__The problem__
Search the data below for "sale"; list each line that holds it.

__Given records__
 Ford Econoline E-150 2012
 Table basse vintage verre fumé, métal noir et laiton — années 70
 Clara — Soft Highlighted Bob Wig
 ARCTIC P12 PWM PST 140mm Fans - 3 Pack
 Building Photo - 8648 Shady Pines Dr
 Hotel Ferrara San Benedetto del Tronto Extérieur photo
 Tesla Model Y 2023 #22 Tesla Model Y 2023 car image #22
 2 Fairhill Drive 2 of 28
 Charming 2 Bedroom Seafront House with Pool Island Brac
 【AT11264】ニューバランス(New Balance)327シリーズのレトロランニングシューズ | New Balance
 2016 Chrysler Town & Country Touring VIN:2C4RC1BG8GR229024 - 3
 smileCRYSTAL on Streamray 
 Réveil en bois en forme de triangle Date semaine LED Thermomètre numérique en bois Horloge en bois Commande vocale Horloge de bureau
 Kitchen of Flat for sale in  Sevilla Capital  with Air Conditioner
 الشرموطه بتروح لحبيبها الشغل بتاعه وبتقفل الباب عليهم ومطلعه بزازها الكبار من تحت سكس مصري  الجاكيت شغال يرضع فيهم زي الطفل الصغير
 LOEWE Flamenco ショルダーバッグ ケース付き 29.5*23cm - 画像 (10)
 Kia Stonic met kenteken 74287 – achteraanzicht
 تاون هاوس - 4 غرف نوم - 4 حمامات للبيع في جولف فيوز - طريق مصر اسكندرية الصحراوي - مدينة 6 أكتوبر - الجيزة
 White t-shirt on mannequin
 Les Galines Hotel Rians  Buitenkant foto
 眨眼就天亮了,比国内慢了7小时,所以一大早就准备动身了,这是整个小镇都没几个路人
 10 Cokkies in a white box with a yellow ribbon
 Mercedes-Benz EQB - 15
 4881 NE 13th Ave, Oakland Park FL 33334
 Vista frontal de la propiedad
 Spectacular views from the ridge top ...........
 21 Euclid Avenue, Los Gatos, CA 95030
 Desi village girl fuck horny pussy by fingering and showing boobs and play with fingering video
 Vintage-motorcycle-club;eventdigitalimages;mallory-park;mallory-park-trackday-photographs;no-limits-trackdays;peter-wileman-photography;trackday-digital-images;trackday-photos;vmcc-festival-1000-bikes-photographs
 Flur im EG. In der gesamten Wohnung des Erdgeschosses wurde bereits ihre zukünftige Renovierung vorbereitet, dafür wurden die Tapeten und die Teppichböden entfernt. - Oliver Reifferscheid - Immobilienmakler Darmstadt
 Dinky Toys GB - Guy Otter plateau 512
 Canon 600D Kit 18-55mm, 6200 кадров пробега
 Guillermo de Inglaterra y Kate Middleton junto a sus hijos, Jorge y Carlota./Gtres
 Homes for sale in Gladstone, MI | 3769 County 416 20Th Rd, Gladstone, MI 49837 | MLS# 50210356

__The answer__
 Kitchen of Flat for sale in  Sevilla Capital  with Air Conditioner
 Homes for sale in Gladstone, MI | 3769 County 416 20Th Rd, Gladstone, MI 49837 | MLS# 50210356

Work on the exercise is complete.